ENTRIES SHOWN Start Marker

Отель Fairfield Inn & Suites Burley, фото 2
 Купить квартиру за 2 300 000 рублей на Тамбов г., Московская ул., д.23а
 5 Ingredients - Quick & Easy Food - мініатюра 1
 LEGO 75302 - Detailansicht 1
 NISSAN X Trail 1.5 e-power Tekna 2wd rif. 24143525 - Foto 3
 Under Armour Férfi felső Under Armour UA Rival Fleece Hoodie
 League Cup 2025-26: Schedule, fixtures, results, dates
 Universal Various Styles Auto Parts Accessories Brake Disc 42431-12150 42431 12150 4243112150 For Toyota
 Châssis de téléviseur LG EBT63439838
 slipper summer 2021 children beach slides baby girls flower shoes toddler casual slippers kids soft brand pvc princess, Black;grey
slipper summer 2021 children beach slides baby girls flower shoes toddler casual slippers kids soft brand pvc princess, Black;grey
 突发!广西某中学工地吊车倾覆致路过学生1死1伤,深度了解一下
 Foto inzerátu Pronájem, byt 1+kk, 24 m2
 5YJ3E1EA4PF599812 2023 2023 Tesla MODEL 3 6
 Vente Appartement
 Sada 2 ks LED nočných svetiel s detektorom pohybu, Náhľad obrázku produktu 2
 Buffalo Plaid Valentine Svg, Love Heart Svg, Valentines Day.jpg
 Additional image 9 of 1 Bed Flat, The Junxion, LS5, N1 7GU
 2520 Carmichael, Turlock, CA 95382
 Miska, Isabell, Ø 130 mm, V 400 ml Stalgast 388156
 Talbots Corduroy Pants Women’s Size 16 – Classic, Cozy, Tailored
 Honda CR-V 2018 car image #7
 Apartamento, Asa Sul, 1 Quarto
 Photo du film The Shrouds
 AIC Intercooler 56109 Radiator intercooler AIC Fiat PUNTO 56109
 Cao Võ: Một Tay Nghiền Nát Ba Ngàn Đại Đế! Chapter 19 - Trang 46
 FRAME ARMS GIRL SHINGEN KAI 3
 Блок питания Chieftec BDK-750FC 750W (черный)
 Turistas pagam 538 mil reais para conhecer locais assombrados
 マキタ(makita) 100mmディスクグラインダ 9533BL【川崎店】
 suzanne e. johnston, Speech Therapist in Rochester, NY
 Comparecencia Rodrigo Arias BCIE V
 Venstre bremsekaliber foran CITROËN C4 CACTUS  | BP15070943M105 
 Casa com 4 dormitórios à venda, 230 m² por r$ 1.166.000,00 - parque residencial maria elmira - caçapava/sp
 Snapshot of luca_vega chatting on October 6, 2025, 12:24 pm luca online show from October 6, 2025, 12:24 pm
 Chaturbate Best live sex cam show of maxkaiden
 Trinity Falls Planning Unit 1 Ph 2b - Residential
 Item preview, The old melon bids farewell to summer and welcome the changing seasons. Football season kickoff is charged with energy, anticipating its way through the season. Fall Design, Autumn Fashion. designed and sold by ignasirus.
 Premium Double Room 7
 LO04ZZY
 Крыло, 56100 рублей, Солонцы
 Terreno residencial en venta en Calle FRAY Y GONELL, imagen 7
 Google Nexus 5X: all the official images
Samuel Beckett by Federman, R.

ENTRIES SHOWN End Marker

--- EXERCISE GOAL ---
Give back every line of the data above exactly as written.

--- TASK OUTPUT ---
Отель Fairfield Inn & Suites Burley, фото 2
 Купить квартиру за 2 300 000 рублей на Тамбов г., Московская ул., д.23а
 5 Ingredients - Quick & Easy Food - мініатюра 1
 LEGO 75302 - Detailansicht 1
 NISSAN X Trail 1.5 e-power Tekna 2wd rif. 24143525 - Foto 3
 Under Armour Férfi felső Under Armour UA Rival Fleece Hoodie
 League Cup 2025-26: Schedule, fixtures, results, dates
 Universal Various Styles Auto Parts Accessories Brake Disc 42431-12150 42431 12150 4243112150 For Toyota
 Châssis de téléviseur LG EBT63439838
 slipper summer 2021 children beach slides baby girls flower shoes toddler casual slippers kids soft brand pvc princess, Black;grey
slipper summer 2021 children beach slides baby girls flower shoes toddler casual slippers kids soft brand pvc princess, Black;grey
 突发!广西某中学工地吊车倾覆致路过学生1死1伤,深度了解一下
 Foto inzerátu Pronájem, byt 1+kk, 24 m2
 5YJ3E1EA4PF599812 2023 2023 Tesla MODEL 3 6
 Vente Appartement
 Sada 2 ks LED nočných svetiel s detektorom pohybu, Náhľad obrázku produktu 2
 Buffalo Plaid Valentine Svg, Love Heart Svg, Valentines Day.jpg
 Additional image 9 of 1 Bed Flat, The Junxion, LS5, N1 7GU
 2520 Carmichael, Turlock, CA 95382
 Miska, Isabell, Ø 130 mm, V 400 ml Stalgast 388156
 Talbots Corduroy Pants Women’s Size 16 – Classic, Cozy, Tailored
 Honda CR-V 2018 car image #7
 Apartamento, Asa Sul, 1 Quarto
 Photo du film The Shrouds
 AIC Intercooler 56109 Radiator intercooler AIC Fiat PUNTO 56109
 Cao Võ: Một Tay Nghiền Nát Ba Ngàn Đại Đế! Chapter 19 - Trang 46
 FRAME ARMS GIRL SHINGEN KAI 3
 Блок питания Chieftec BDK-750FC 750W (черный)
 Turistas pagam 538 mil reais para conhecer locais assombrados
 マキタ(makita) 100mmディスクグラインダ 9533BL【川崎店】
 suzanne e. johnston, Speech Therapist in Rochester, NY
 Comparecencia Rodrigo Arias BCIE V
 Venstre bremsekaliber foran CITROËN C4 CACTUS  | BP15070943M105 
 Casa com 4 dormitórios à venda, 230 m² por r$ 1.166.000,00 - parque residencial maria elmira - caçapava/sp
 Snapshot of luca_vega chatting on October 6, 2025, 12:24 pm luca online show from October 6, 2025, 12:24 pm
 Chaturbate Best live sex cam show of maxkaiden
 Trinity Falls Planning Unit 1 Ph 2b - Residential
 Item preview, The old melon bids farewell to summer and welcome the changing seasons. Football season kickoff is charged with energy, anticipating its way through the season. Fall Design, Autumn Fashion. designed and sold by ignasirus.
 Premium Double Room 7
 LO04ZZY
 Крыло, 56100 рублей, Солонцы
 Terreno residencial en venta en Calle FRAY Y GONELL, imagen 7
 Google Nexus 5X: all the official images
Samuel Beckett by Federman, R.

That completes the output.